Problem 4.4 a. The point estimate, or mean, for this problem is 171.1 The median is 170.3 b. The point estimate for the standard deviation is 9.4. The IQR is 14
q1 <- 163.8
q3 <- 177.8
q3 - q1
## [1] 14
x1 <- 180
x2 <- 155
sd <- 9.4
mn <- 171.1
(x1 - mn) / sd
## [1] 0.9468085
(x2 - mn) / sd
## [1] -1.712766
based on the information about, we see that both values fall within two standard deviations of the mean, so neither height would be considered abnormal.
No, there is always natural variability in the sample statistic. we would be more surprised if the data was the same.
We use the standard error to quantify the variability. A sample mean deviates from the actual mean of a population; this deviation is the standard error. We can calculate this by:
sd <- 9.4
n <- sqrt (507)
sd/n
## [1] 0.4174687
the standard error of the mean is .417
Problem 4.14 a.

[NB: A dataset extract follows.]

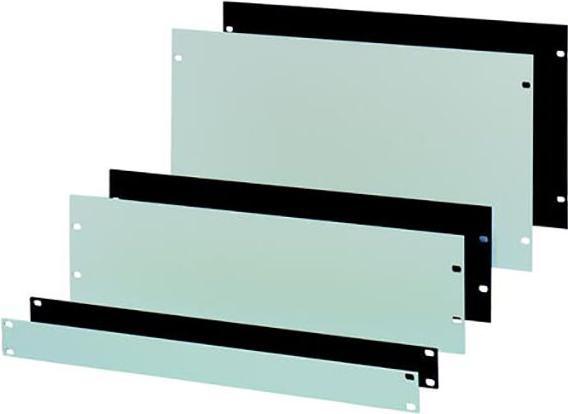 Produktbild Schroff 1U Front Panel 19" RAL 7035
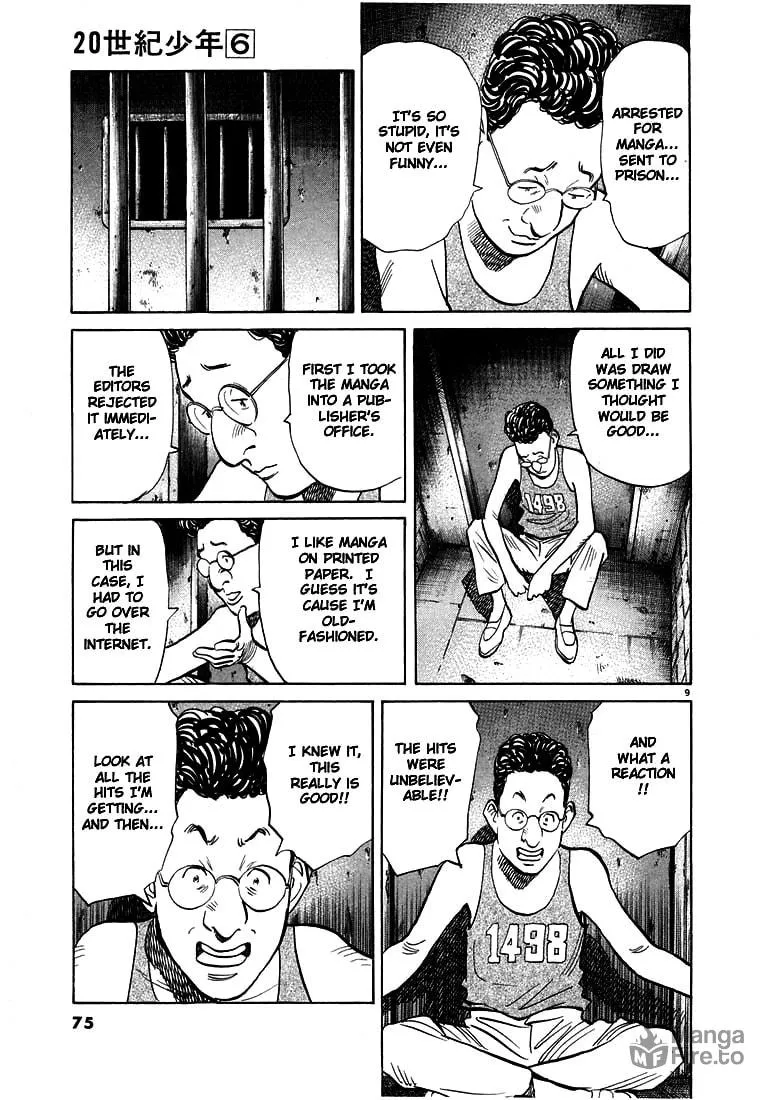 20th Century Boys Chapter 58 page 9 -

True, this is the confidence intraval constructed with the given information
This is probably false. The sample size is larger than 30. There is a slight skew to the right but the spread does not look abnormal.

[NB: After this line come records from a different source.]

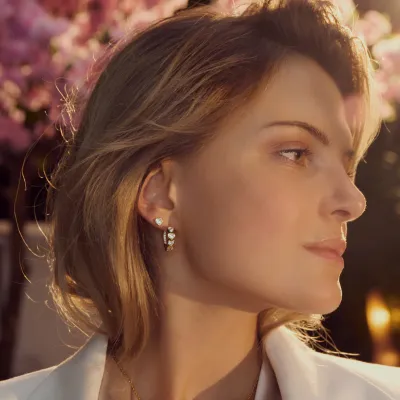 Sif Jakobs Amorino Earrings (Gold)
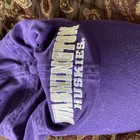 washington huskie purple adjustable cap hat — photo 7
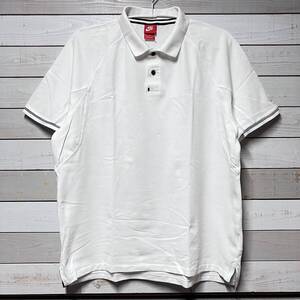 SIZE XL NIKE NSW FRAGMENT DESIGN POLO SHIRT WHITE ナイキ フラグメント デザイン ポロシャツ ホワイト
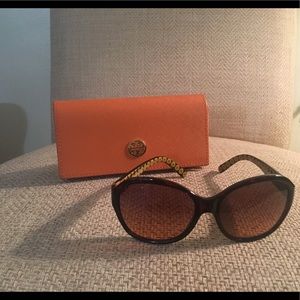 Tory Burch oversized sunglasses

False, the condifence interval how sure we are that this is correct. It is not exact.
This is true, the confidence interval (if properly estimated) should show us that 95% of the time, when a sample of 436 is randomly taken from the population, the true population mean should fall within this interval.
True, this would be a wider interval, which would include more possible values for our estimate.
False, you would need even more samples than 3 times larger.
sd <- 4.4
x1 <- 80.31
x2 <- 89.11
x1 + sd
## [1] 84.71
x2 - sd
## [1] 84.71
True, both equations gives us our standard mean.
Problem 4.24 a. The sample is random and 36 children of a large city is most likely under 10% of the population. The sample size is over 30. There doesn’t appear to be any strong skew in the population. Based on this information the conditions for inference are satisfied.
x <- 32
n <- 36
avg <- 30.69
sd <- 4.31
SE <- sd/sqrt(n)
z = (avg - x)/SE
p = pnorm(z)
p
## [1] 0.0341013
There is a 3% chance of getting the observed mean if null hypothesis was true. Therefore, we reject the null hypothesis.
A small p value indicates strong evidence against the null hypothese, so you reject the null hypothesis.
x1 <- avg - 1.65 * SE
x2 <- avg + 1.65 * SE
x1
## [1] 29.50475
x2
## [1] 31.87525
Problem 4.26 a.
x <- 100
n <- 36
avg <- 118.2
sd <- 6.5
SE <- sd/sqrt(n)
z = (avg - x)/SE
z
## [1] 16.8
x1 <- avg - 1.65 * SE
x2 <- avg + 1.65 * SE
x1
## [1] 116.4125
x2
## [1] 119.9875
Problem 4.34 A sampling distribution is a probability distribution of a statistic obtained through a large number of samples drawn from a specific population. The sampling distribution of the mean takes the mean of each sample. As the sample size gets larger, the shape becomes on a more ‘normal’ and has a smaller spread.
Problem 4.40 a. What is the probability that a randomly chosen light bulb lasts more than 10,500 hours?
First, we will need to figure out the z-score for this randomly chosen sample.
z = (x - mu) / sd Once that is calculated, you need to subtract 1 from the pnorm because we are looking for the probability of 10,500 or more.
x <- 10500
mu <- 9000
sd <- 1000
p <- 1 - pnorm(x, mu, sd)
prob <- round(p,4)
prob
## [1] 0.0668
Answer: The probability that the randomly chosen light bulb lasts more than 10,500 hours is 6.668%
Answer: We do know that the data is nearly normal and the standard deviation is known, however, the approximation of the mean will be poor because the sample size is small. The distribution could be anything with the small sample size.
First, we need to find the z-score based on the sample size. The equation we will be using to find this is z = (x - mu) / S and s is calculated by finding S = sd / sqrt(n)
x <- 10500
mu <- 9000
sd <- 1000
n <- 15
smp15 <- sd/sqrt(n)
prob15 <- 1-pnorm(x, mu, smp15)
ans <- round(prob15, 4)
ans
## [1] 0
answer: The probability that the mean of lifespan of 15 randomly chosen light bulbs is more than 10,500 is 0!
I used dnorm for plotting because it gives the denisty.
s <- seq(6000,12000,100)
plot(s, dnorm(s, mu, sd), type="l", xlab = "Lifespan of Lightbulbs", ylab = "", col="blue")
lines(s, dnorm(s, mu, smp15), col="red")
e. We aren’t able to estimate the probability from parts (a) and (c) without a larger sample size.
Problem 4.48 The P value will decrease as the sample size gets larger.